Les dirigeants turcs affirment que la sécurité européenne est tout simplement inconcevable sans la Turquie. Erdogan appuie cette position sur des chiffres concrets : la Turquie possède la deuxième armée la plus importante de l’OTAN avec 355 000 soldats, soit nettement plus que la France (202 000) ou le Royaume-Uni (141 000). C’est une armée aguerrie, forte d’une expérience opérationnelle concrète acquise dans diverses zones de conflit, de la Syrie et la Libye au soutien apporté à l’Ukraine.
Qu’est-ce qui distingue la politique étrangère turque de l’approche européenne ?
La Turquie pratique déjà ce que l'Europe recherche seulement maintenant : l'autonomie stratégique. Cette indépendance découle de sa situation géographique et de sa puissance militaire. Ankara contrôle l'accès à la mer Noire par les détroits du Bosphore et des Dardanelles et projette sa puissance jusqu'au Caucase du Sud et au Moyen-Orient.
La politique étrangère turque se caractérise par un exercice d'équilibriste pragmatique. Si Ankara soutient l'Ukraine en lui fournissant des armes et en défend l'intégrité territoriale, elle entretient simultanément des relations commerciales fructueuses avec la Russie. Cet exercice d'équilibriste permet à la Turquie de se présenter comme un médiateur impartial auprès des belligérants, tout en participant aux réunions de la « coalition des volontaires », qui discute des garanties de sécurité militaire pour l'Ukraine.
Quel rôle joue l'accord sur les Eurofighter dans les relations germano-turques ?
La vente de 40 avions de chasse Eurofighter Typhoon à la Turquie, approuvée en juillet 2025, marque un tournant majeur dans la politique allemande à l'égard de ce pays. Après plus de deux ans d'hésitation, le gouvernement allemand, sous la direction du chancelier Friedrich Merz, a donné son feu vert à cette transaction, malgré la condamnation, peu de temps auparavant, par un tribunal turc, du maire d'Istanbul, Ekrem İmamoğlu, un critique virulent d'Erdogan, à une peine de prison.
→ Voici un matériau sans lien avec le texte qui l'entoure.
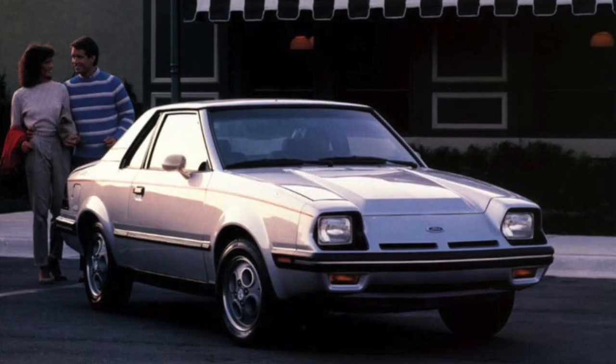The 1980s was by far one of the best decades for sports cars. Some of the most memorable sports cars came out in the 80s, but there's a bunch of them you probably don't remember. So what we're going to take a look at is the top 10 best sports cars of the 80s that no one remembers.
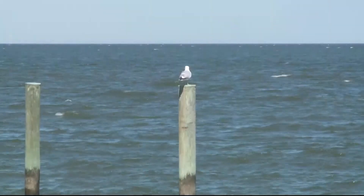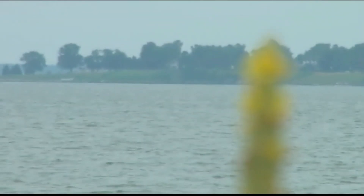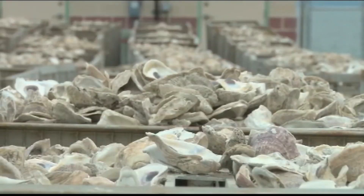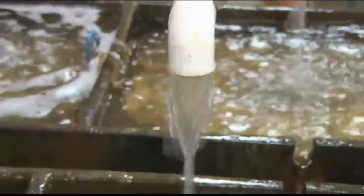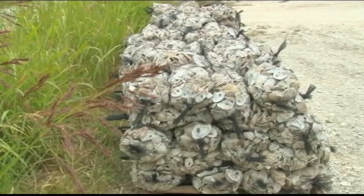Algae blooms that cause the dead zone can also cloud the water and ultimately damage underwater grass. But this summer, the dead zone is expected to be 33% smaller than average due to the lack of rainfall this spring. That limited the amount of water entering the bay from its surrounding tributaries, as well as decreased nitrogen and phosphorus pollution from areas within the watershed.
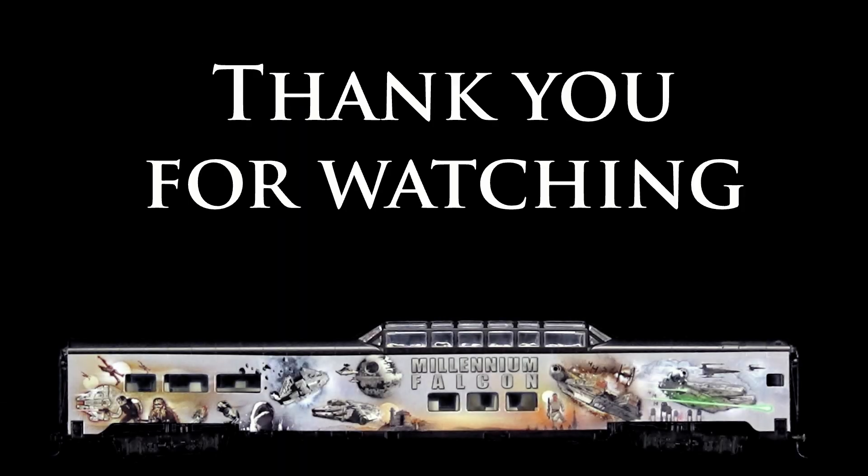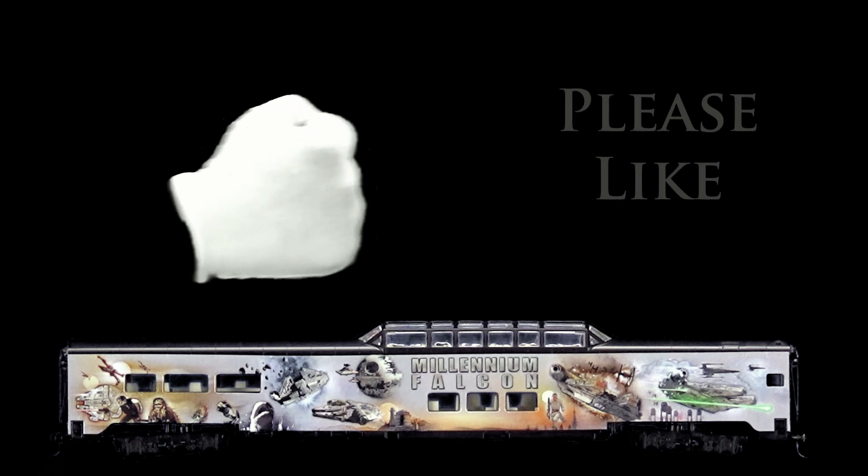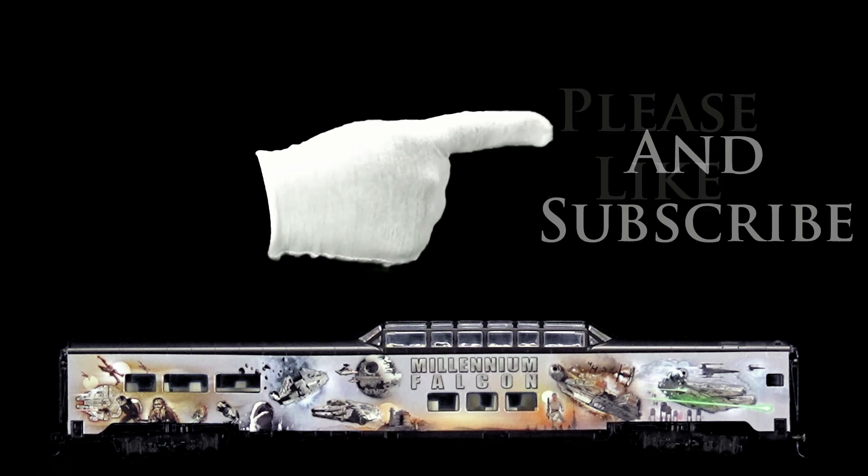Thank you for watching. Please like and subscribe.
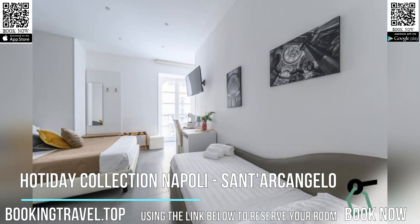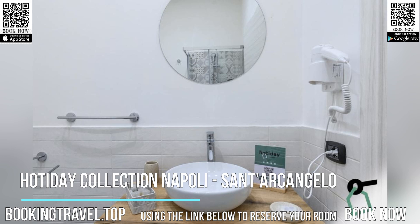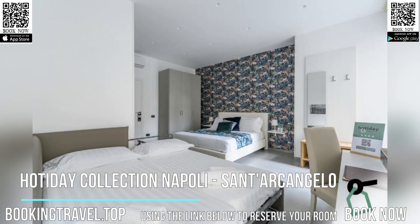Popular points of interest near Hottoday Collection Napoli, Sant'Arcangelo include Sansevero Chapel Museum, San Gregorio Armino, and Chiesa de Santifilippo e Giacomo. The nearest airport is Naples International Airport, 5.6 miles from the accommodation.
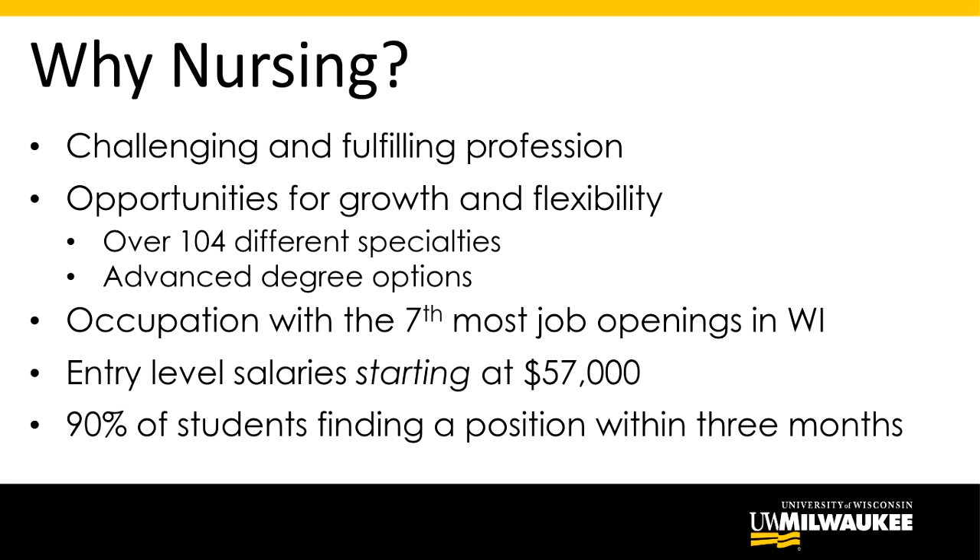There are lots of job openings throughout healthcare in general, and there is a huge demand for nurses in the state of Wisconsin and nationally. The starting pay of around $57,000 is something we have found to be true in southeastern Wisconsin for new graduates with a bachelor's degree in nursing. We also see a very high placement rate, with our students finding a position as a registered nurse very quickly after graduation.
Cette décision illustre le passage d'une politique étrangère fondée sur des valeurs à une politique guidée par les intérêts. Les États européens adoptent de plus en plus une politique de puissance pragmatique à l'égard de leur partenaire difficile sur le Bosphore, abandonnant une position généralement critique envers Ankara en raison des violations des droits de l'homme et des déficits démocratiques.
L'accord sur les Eurofighter confirme également la stratégie turque de diversification de ses acquisitions de défense. La part des importations américaines a fortement diminué ces dix dernières années, tandis que l'Espagne, l'Italie et l'Allemagne sont devenues les principaux importateurs. Pour la Turquie, le programme de prêts SAFE de l'UE pour les acquisitions conjointes de défense, doté d'un budget de 150 milliards d'euros, constitue un atout majeur, car il est également ouvert aux pays candidats comme la Turquie.
Comment l'industrie turque de l'armement se développe-t-elle pour devenir un acteur mondial ?
Au cours des deux dernières décennies, la Turquie est devenue un exportateur majeur d'armements. Ses exportations ont atteint un niveau record de 7,15 milliards de dollars américains en 2024 et devraient atteindre 8 milliards de dollars américains en 2025. Cette évolution est le fruit d'investissements stratégiques et du rattachement direct de l'Agence de l'industrie de la défense au président Erdoğan en 2018.
Les fabricants turcs de drones, comme Baykar, ont connu un succès retentissant ; leurs drones Bayraktar TB2 ont été vendus dans plus de 35 pays et utilisés dans des conflits allant de l’Ukraine à la Libye. L’entreprise poursuit son expansion internationale grâce à l’acquisition de la société italienne Piaggio Aerospace et à une coentreprise avec Leonardo, baptisée LBA Systems.
Le KAAN, avion de chasse de cinquième génération développé par Turkish Aerospace Industries, représente une étape majeure pour l'industrie de défense turque. Sa production en série devrait débuter en 2028 et la Turquie a déjà signé son premier contrat d'exportation avec l'Indonésie pour 48 appareils, d'une valeur d'environ 15 milliards de dollars américains. Ce projet place la Turquie parmi les rares pays capables de développer et d'exporter des avions de chasse de cinquième génération.
Quels sont les intérêts stratégiques que la Turquie poursuit en mer Noire ?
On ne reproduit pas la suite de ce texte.